The FTC has not provided formal guidance on how precisely to report information regarding subsidies, countervailing duties, or countervailing duty investigations. However, in an appropriate case a filer might consider language along the following lines.



Q. Is there a comprehensive list of entities and persons qualifying as a “foreign entity or government of concern” that I can refer to in order to help identify a list of reportable subsidies?
A. No, the United States government has not released a comprehensive list of all entities and persons that would qualify as a foreign entity or government of concern. Partial lists can be found on the websites for the Department of State and OFAC. In particular, if you suspect that an entity (including but not limited to “state-owned enterprises”) or person has granted you a subsidy and may be considered to be “owned by, controlled by, or subject to the jurisdiction” of a covered nation (China, Russia, North Korea, or Iran), check with experienced legal counsel for guidance on whether or how to report that subsidy.
Q. Our company has substantial operations in China, including several local subsidiaries and branches. These subsidiaries and branches receive all types of tax credits and incentives that we would consider “ordinary course,” including routine credits for research and development, VAT rebates commonly available to exporters, and local employment or payroll-related incentives. Do I need to report all such credits and incentives, even the ones that seem de minimis?
A. Technically yes, all such tax credits and incentives are likely reportable as “subsidies.” However, as shown in the second “Illustration” example above, a high-level description of the various tax credits and incentives may be acceptable, particularly if they are not directly related to the production or sale of overlap, related sales, or related purchase products or services.

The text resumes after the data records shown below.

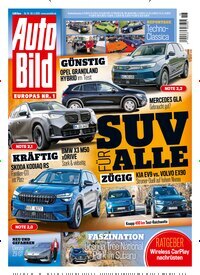 Titelbild der Ausgabe 18/2025 von Auto Bild. Diese Zeitschrift und viele weitere Automagazine und Motorradzeitschriften als Abo oder epaper bei United Kiosk online kaufen.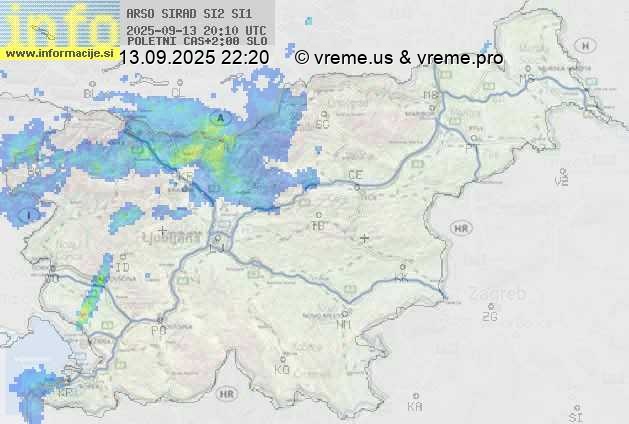 Radarska karta padavin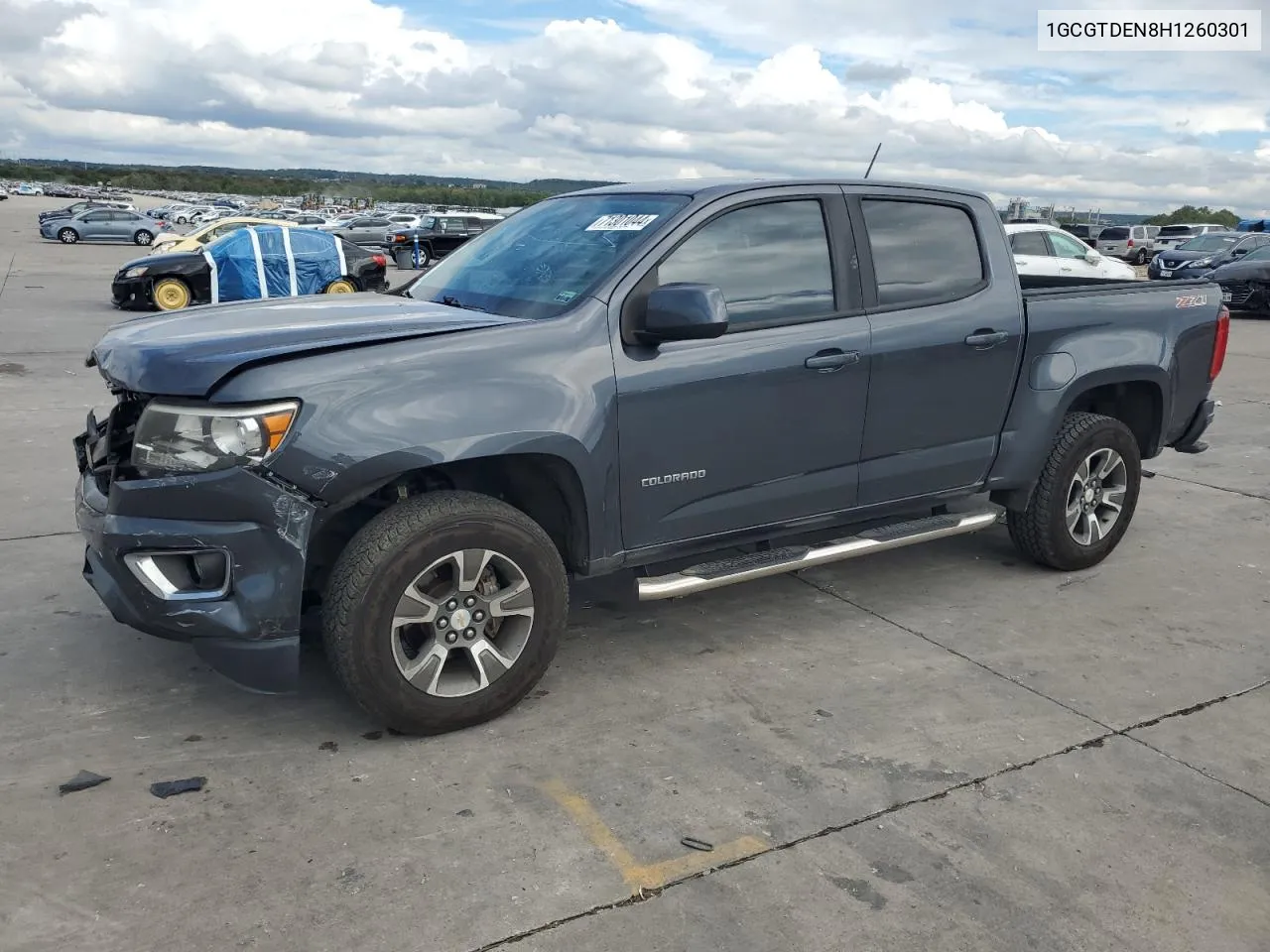 2017 Chevrolet Colorado Z71 VIN: 1GCGTDEN8H1260301 Lot: 71301044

In these cases, we often advise including a specific note to make clear that the subsidies have no connection to the business unit or products at issue in the transaction being reported.
Q. Would consideration received at normal, market-level rates from a Chinese government entity in exchange for supplying a product or service to that entity in the ordinary course of business qualify as a reportable subsidy?
A. No, such ordinary-course commercial transactions would generally not be considered a “subsidy.” For commercial transactions of this sort, the consideration would only be considered a “subsidy” if the purchase price was “for more than adequate remuneration.” However, such cases can be very technical, so if you have any commercial transactions that might raise such questions, please check with experienced legal counsel for guidance.
Q. Would the receipt of financial payments from an individual foreign national or wholly private entity ever be considered a reportable subsidy?
A. In certain circumstances, yes, it may be a reportable subsidy. According to FTC guidance, if a payment can be described as being made through an intermediary that a government had “entrust[ed]” or “direct[ed]” to make the payment, and the payment is something that would “normally be vested in the government and the practice does not differ in substance from practices normally followed by governments,” then it may be considered a reportable subsidy.
Q. Can I limit my reporting of subsidies, countervailing duties, and countervailing duty investigations to ones that specifically relate to the business unit or products at issue in the transaction?
A. No – filers must report all applicable subsidies, countervailing duties, and countervailing duty investigations, across the organization as a whole. For example, if a private equity fund is selling one portfolio company, the private equity fund must also include subsidies, countervailing duties, and countervailing duty investigations for other portfolio companies included within that fund, even if those other portfolio companies have no connection whatsoever with the transaction being reported.